-- TO DO --
Where a picture appears, skip it; print everything else in the records exactly as it stands.
[[ SOURCE MATERIAL, beginning ]]
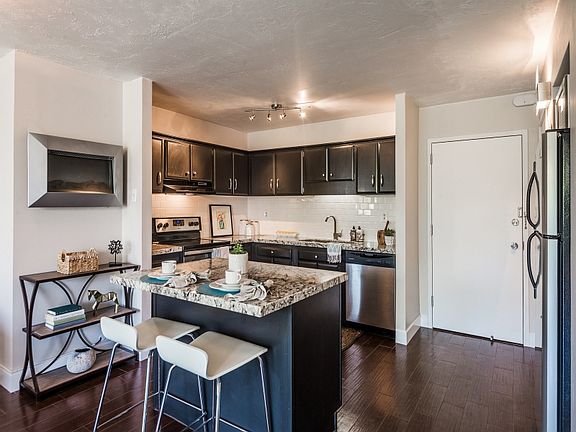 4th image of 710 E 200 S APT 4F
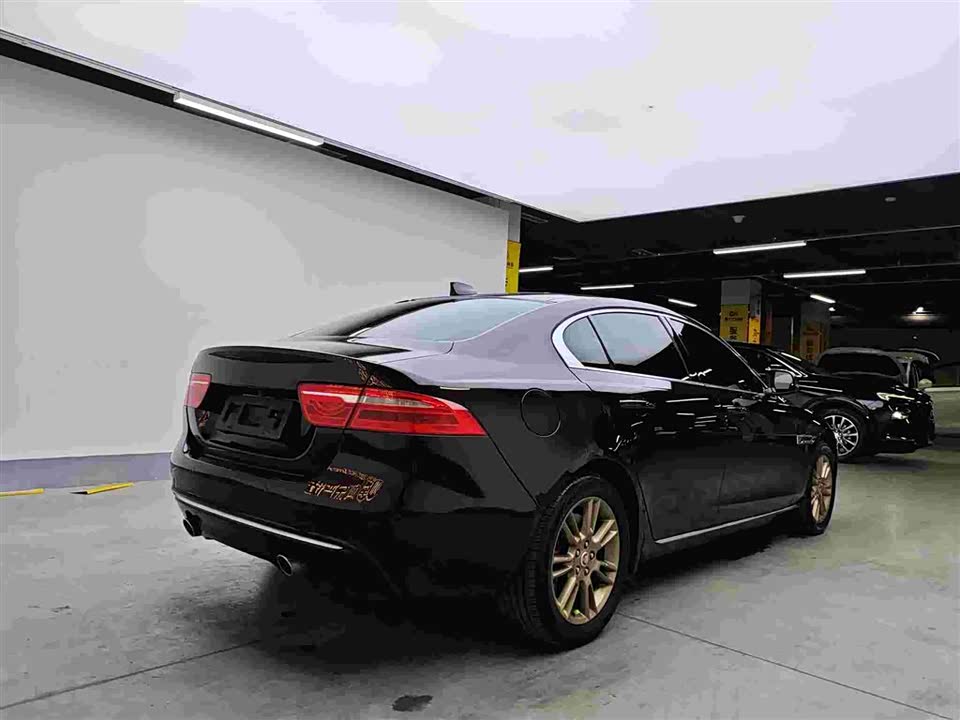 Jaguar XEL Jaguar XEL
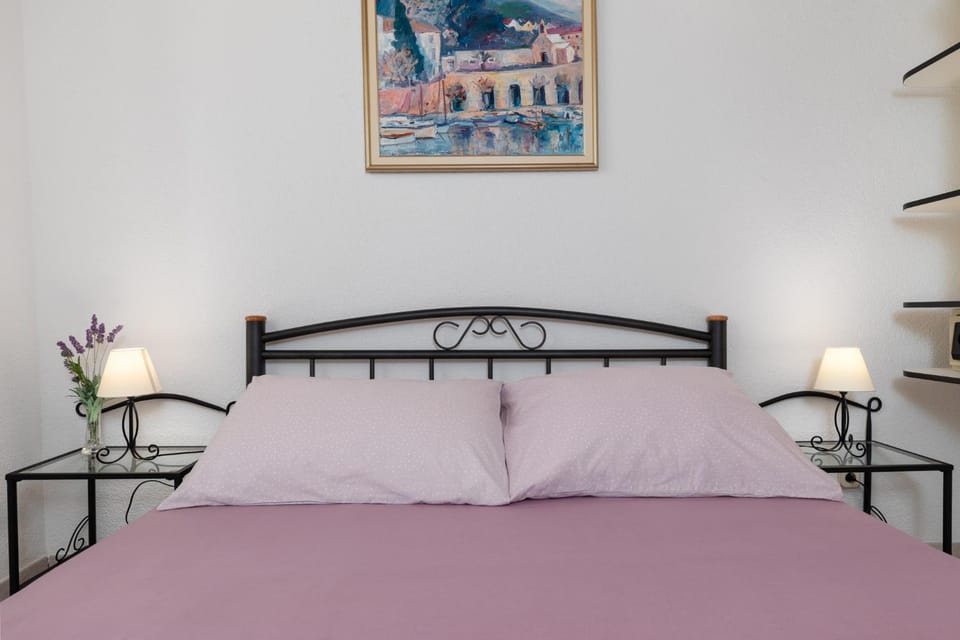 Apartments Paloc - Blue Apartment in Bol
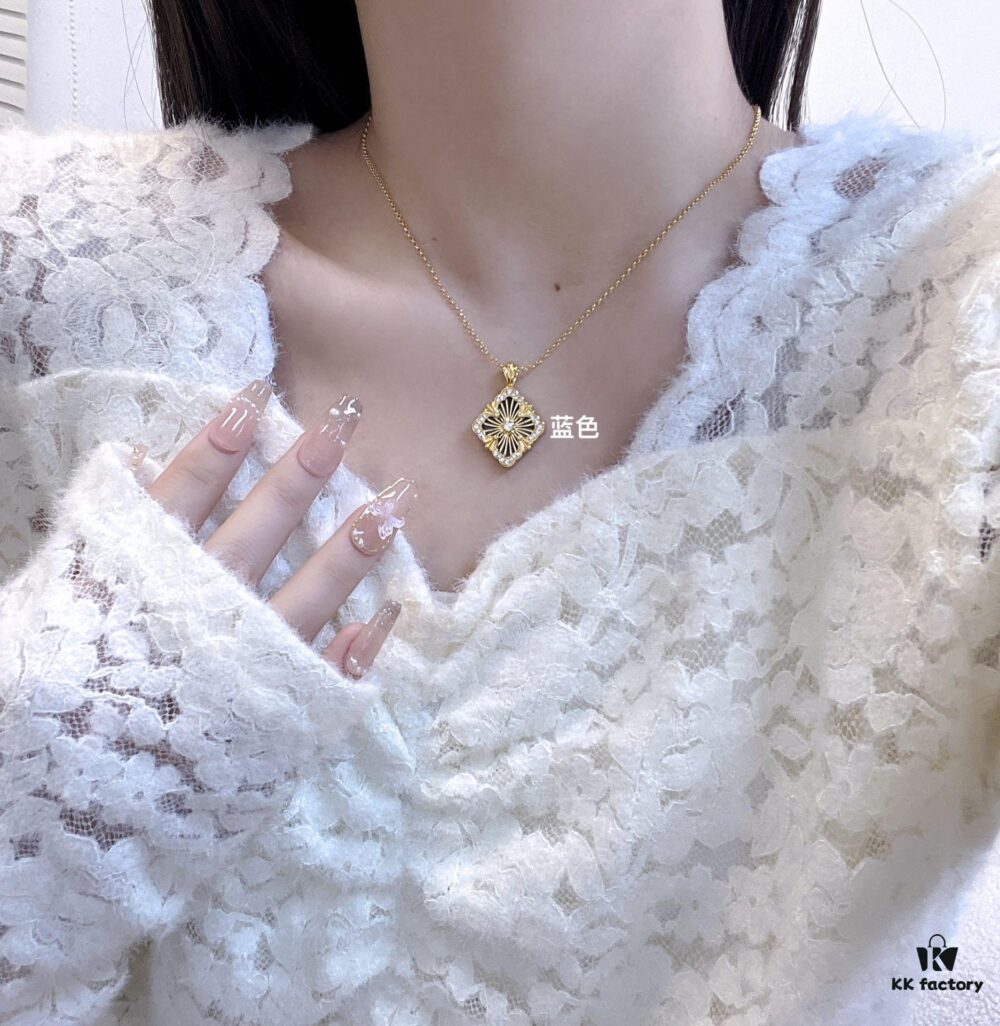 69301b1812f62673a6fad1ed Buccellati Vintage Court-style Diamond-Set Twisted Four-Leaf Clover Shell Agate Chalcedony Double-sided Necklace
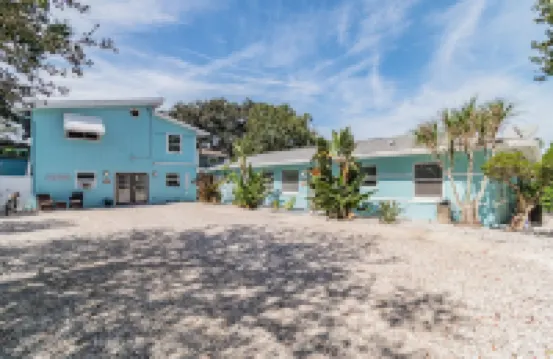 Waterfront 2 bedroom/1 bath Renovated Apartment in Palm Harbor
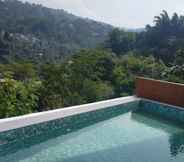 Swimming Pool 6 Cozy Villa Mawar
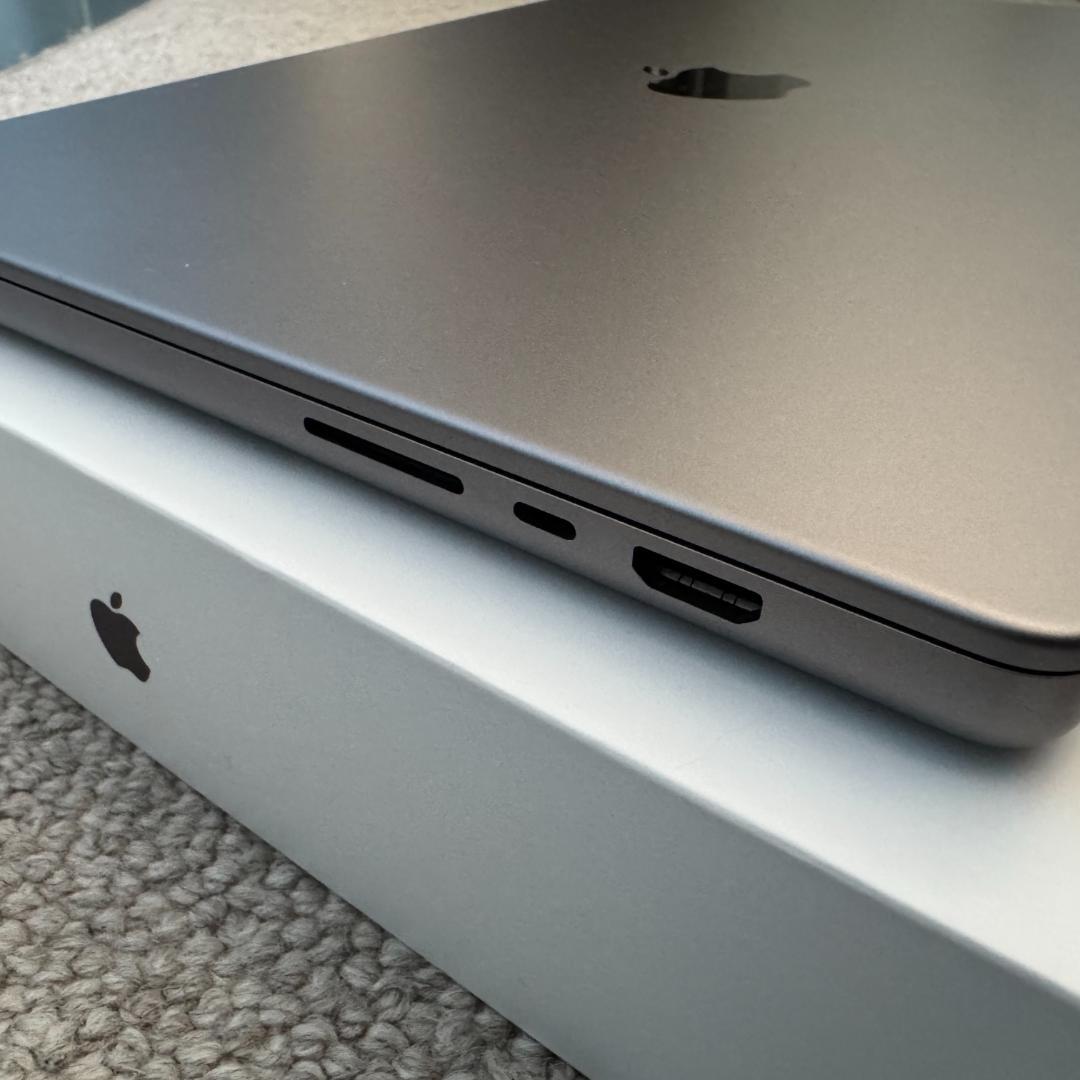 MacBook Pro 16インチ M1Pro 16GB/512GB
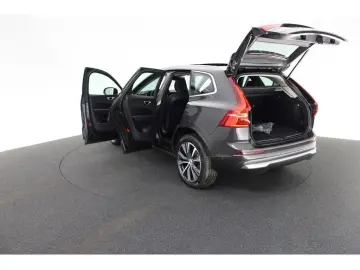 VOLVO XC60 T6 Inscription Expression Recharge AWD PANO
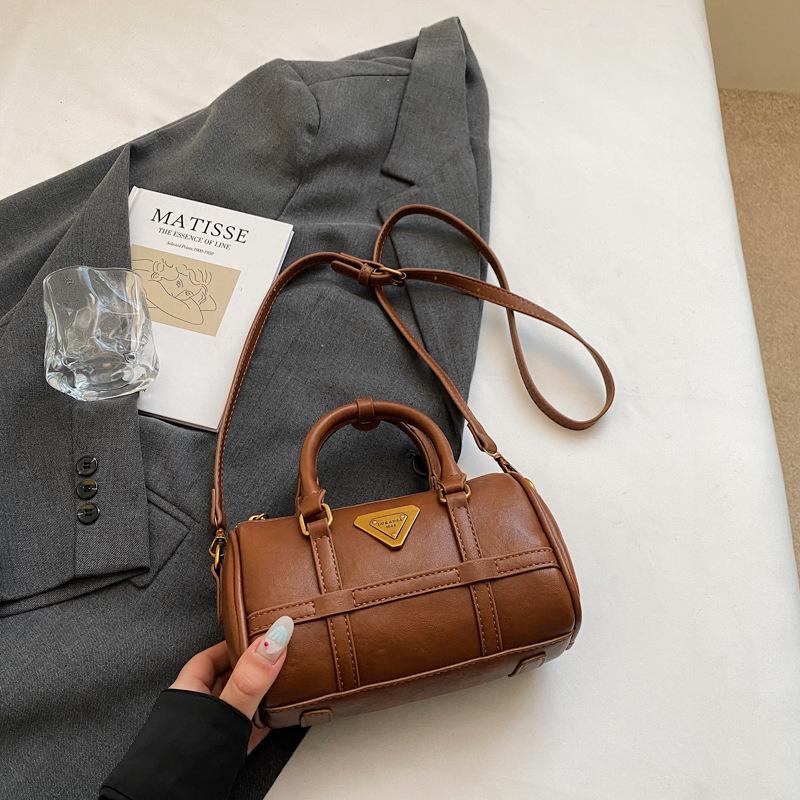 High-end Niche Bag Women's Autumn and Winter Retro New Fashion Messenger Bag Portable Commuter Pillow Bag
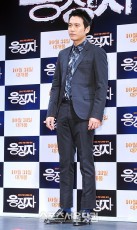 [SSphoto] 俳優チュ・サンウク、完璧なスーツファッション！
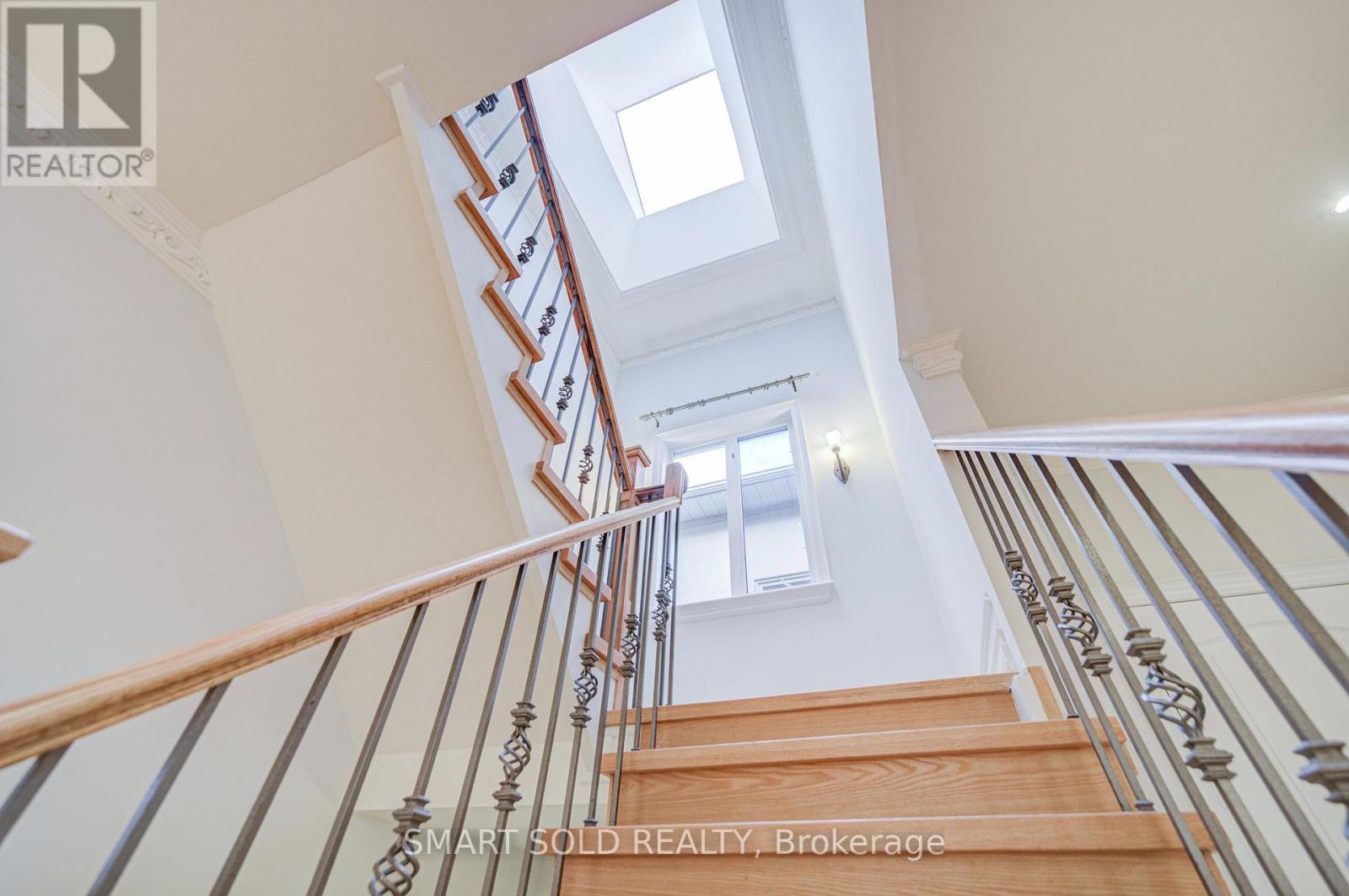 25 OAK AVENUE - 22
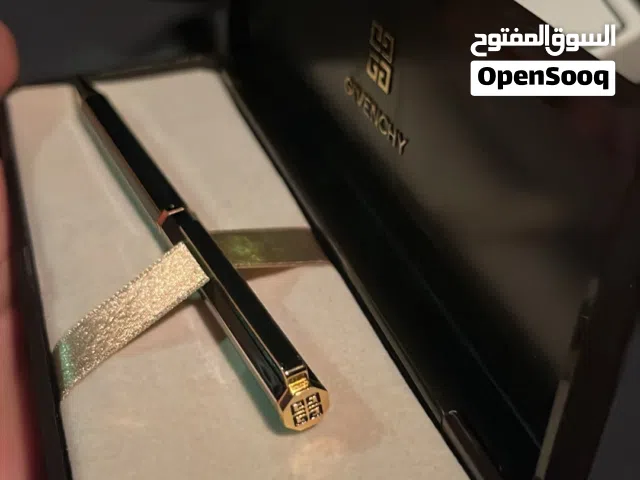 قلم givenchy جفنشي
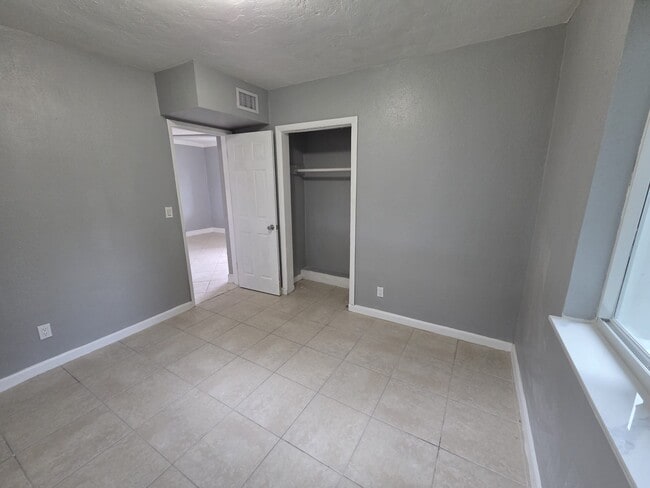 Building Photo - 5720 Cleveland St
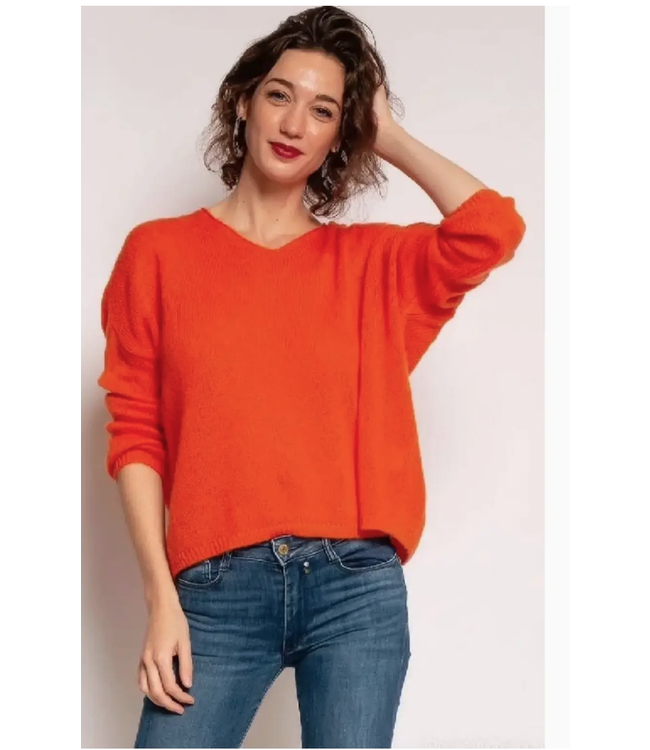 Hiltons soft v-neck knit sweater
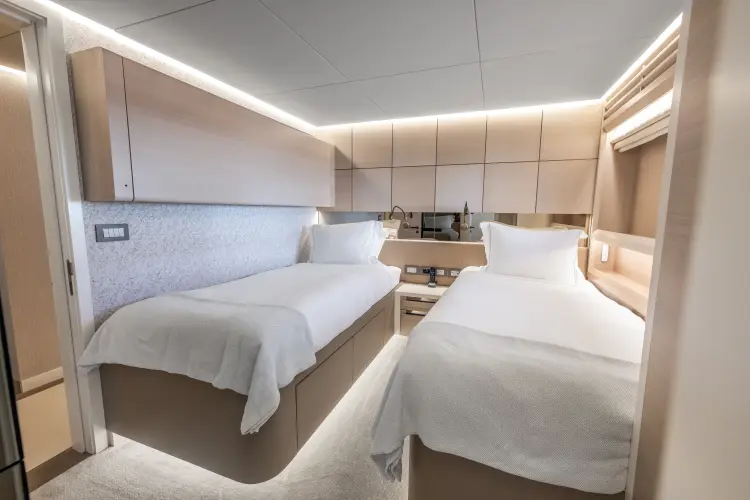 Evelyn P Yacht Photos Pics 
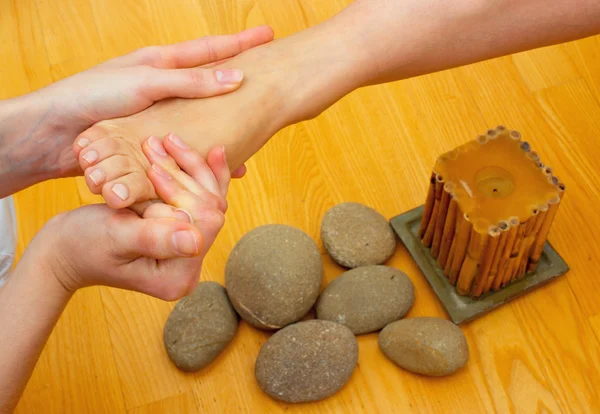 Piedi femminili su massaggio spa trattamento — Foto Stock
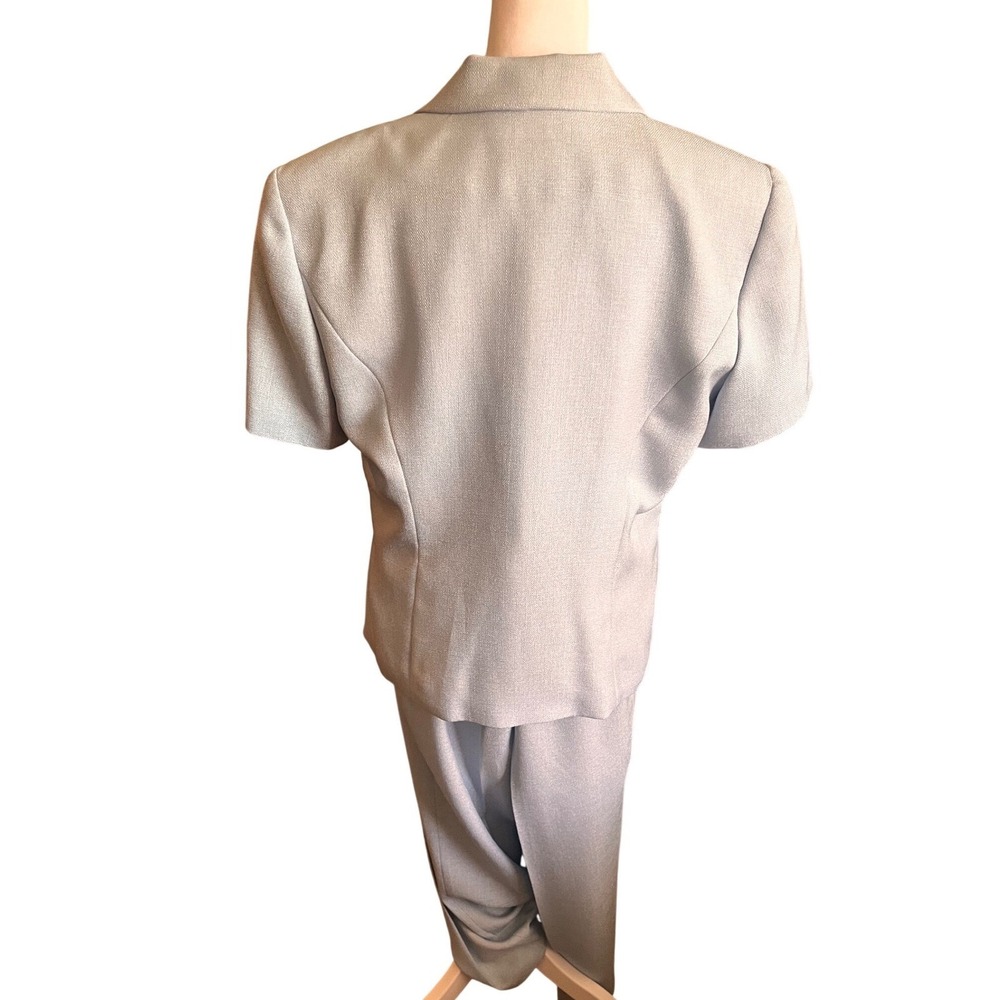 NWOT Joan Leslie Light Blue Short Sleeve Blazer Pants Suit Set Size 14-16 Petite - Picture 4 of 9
[[ SOURCE MATERIAL, end ]]
-- RESPONSE FOR THIS EXERCISE --
 4th image of 710 E 200 S APT 4F
 Jaguar XEL Jaguar XEL
 Apartments Paloc - Blue Apartment in Bol
 69301b1812f62673a6fad1ed Buccellati Vintage Court-style Diamond-Set Twisted Four-Leaf Clover Shell Agate Chalcedony Double-sided Necklace
 Waterfront 2 bedroom/1 bath Renovated Apartment in Palm Harbor
 Swimming Pool 6 Cozy Villa Mawar
 MacBook Pro 16インチ M1Pro 16GB/512GB
 VOLVO XC60 T6 Inscription Expression Recharge AWD PANO
 High-end Niche Bag Women's Autumn and Winter Retro New Fashion Messenger Bag Portable Commuter Pillow Bag
 [SSphoto] 俳優チュ・サンウク、完璧なスーツファッション！
 25 OAK AVENUE - 22
 قلم givenchy جفنشي
 Building Photo - 5720 Cleveland St
 Hiltons soft v-neck knit sweater
 Evelyn P Yacht Photos Pics 
 Piedi femminili su massaggio spa trattamento — Foto Stock
 NWOT Joan Leslie Light Blue Short Sleeve Blazer Pants Suit Set Size 14-16 Petite - Picture 4 of 9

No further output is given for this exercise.